Méfaits divers, d’Hubert Prolongeau
Passons vite sur le titre sous forme de mot-valise qui ne rend pas forcément justice au livre pour nous intéresser à ce dont il parle. Journaliste et essayiste en plus d’être romancier, Hubert Prolongeau, par le biais de cinq nouvelles tente apparemment de concilier ses trois activités. Cinq nouvelles tirées de cinq faits-divers qui ont défrayé la chronique dans, en gros, la dernière décennie et même un peu avant. On y reconnaîtra sans peine cette jeune fille faisant croire qu’elle a été victime d’une agression antisémite dans le RER, ce prêtre intégriste envoyant à la mort les jeunes dont il a la responsabilité pendant un camp de vacances ou encore cette vague de suicides chez un constructeur automobile.
Mais très vite Prolongeau quitte sa casquette de journaliste pour prendre celle de romancier et se laisser aller à des variations autour de ces cinq affaires. Point de départ ou d’arrivée, le fait divers réel dont est tiré chacune des nouvelles n’en est jamais vraiment le cœur. Il est l’occasion pour Prolongeau de laisser dériver son imagination pour mettre l’humain au centre de son histoire : victime ou coupable, réel ou de fiction, c’est toujours un homme ou une femme qui se trouve au cœur de chacune de ces variations. Et Prolongeau, au passage, d’user de son regard de journaliste et d’essayiste pour sonder à travers ces faits divers une société dont il dresse un portrait peu flatteur, obsédée par le paraître plus que par l’être, sacrifiant la personne sur l’autel de la performance, peuplée d’ombres à la recherche d’un peu d’attention ou de reconnaissance mais destinées à ne connaître l’une ou l’autre que de manière fugace ou tragique.
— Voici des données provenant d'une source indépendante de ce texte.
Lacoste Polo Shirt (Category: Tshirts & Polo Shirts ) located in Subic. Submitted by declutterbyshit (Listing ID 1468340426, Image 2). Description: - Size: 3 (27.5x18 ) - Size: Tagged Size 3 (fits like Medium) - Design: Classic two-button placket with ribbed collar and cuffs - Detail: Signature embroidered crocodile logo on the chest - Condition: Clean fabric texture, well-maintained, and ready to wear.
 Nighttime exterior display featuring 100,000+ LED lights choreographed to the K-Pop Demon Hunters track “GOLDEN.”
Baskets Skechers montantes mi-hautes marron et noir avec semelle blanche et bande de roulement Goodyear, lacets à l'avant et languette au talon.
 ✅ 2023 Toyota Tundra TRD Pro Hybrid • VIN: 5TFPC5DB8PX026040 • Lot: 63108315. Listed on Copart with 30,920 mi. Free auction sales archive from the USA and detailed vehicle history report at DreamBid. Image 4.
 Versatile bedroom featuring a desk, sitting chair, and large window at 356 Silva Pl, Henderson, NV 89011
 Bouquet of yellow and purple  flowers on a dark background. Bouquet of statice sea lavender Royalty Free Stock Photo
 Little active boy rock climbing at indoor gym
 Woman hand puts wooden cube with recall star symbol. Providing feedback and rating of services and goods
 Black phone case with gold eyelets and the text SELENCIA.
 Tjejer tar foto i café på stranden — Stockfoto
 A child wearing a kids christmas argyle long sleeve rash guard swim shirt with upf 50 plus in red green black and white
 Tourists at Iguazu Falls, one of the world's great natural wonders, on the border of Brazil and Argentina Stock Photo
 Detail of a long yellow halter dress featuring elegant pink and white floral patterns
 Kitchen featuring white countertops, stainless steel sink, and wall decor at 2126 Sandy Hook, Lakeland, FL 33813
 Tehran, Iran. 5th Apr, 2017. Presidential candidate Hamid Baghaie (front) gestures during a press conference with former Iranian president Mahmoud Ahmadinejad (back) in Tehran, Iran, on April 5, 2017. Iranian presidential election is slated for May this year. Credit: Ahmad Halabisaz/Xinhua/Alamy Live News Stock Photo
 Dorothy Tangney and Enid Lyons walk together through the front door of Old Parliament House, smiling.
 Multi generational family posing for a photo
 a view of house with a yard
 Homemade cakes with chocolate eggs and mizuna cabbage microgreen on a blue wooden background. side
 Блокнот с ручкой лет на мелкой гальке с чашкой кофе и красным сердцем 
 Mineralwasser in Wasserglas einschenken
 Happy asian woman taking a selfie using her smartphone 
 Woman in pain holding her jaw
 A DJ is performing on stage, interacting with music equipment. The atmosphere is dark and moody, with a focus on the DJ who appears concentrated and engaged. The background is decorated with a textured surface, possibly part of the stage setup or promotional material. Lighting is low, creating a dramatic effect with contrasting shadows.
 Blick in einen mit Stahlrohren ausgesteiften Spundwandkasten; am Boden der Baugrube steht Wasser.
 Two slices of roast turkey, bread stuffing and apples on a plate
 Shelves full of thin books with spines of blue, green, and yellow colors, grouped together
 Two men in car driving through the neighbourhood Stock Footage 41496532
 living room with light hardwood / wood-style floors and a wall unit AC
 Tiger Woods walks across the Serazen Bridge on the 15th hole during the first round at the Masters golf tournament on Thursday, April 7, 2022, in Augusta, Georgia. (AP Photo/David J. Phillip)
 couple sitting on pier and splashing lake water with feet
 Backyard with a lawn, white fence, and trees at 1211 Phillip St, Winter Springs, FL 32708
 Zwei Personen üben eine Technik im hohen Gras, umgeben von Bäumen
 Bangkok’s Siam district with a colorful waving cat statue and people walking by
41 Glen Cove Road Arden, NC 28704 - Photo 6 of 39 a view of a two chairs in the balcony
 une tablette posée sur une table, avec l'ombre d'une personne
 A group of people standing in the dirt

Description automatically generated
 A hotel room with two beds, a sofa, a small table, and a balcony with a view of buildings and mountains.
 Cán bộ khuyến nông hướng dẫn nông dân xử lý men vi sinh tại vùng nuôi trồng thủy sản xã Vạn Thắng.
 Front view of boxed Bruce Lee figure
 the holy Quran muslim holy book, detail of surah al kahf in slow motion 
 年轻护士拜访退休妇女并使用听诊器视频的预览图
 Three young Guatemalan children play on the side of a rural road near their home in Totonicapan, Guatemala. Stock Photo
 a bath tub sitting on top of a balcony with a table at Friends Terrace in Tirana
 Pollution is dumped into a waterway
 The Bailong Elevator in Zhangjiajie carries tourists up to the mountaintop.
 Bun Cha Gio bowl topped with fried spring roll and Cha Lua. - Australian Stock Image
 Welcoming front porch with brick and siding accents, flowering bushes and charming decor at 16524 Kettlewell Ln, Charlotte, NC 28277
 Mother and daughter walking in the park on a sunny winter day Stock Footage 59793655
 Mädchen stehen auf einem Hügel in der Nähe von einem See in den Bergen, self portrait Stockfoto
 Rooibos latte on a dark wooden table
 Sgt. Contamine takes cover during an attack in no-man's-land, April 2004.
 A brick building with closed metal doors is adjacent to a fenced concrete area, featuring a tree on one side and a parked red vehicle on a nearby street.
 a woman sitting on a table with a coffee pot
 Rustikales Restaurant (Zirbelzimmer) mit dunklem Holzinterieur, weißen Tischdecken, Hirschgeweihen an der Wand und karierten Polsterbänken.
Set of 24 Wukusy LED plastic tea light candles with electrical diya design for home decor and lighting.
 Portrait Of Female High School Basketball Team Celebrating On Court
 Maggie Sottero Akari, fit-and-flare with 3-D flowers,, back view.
D’aucuns reprocheront peut-être à Hubert Prolongeau de se montrer parfois un peu caricatural mais, en fin de compte, on pourra se demander si la caricature n’est pas avant tout présente dans ce que nous offre à voir notre société à travers le prisme de ces faits divers dont on nous abreuve, que l’on guette avec un plaisir coupable et qui, de plus en plus, jouent même un rôle politique à travers la manière dont ils sont utilisés. Ce que nous montre Prolongeau, c’est que derrière la dictature du fait divers comme instrument médiatico-politique, il y a aussi et surtout des êtres humains et des tragédies, grandes ou petites, qui disent quelque chose du monde dans lequel nous vivons.
Hubert Prolongeau, Méfaits divers, Rivages/Noir, 2013.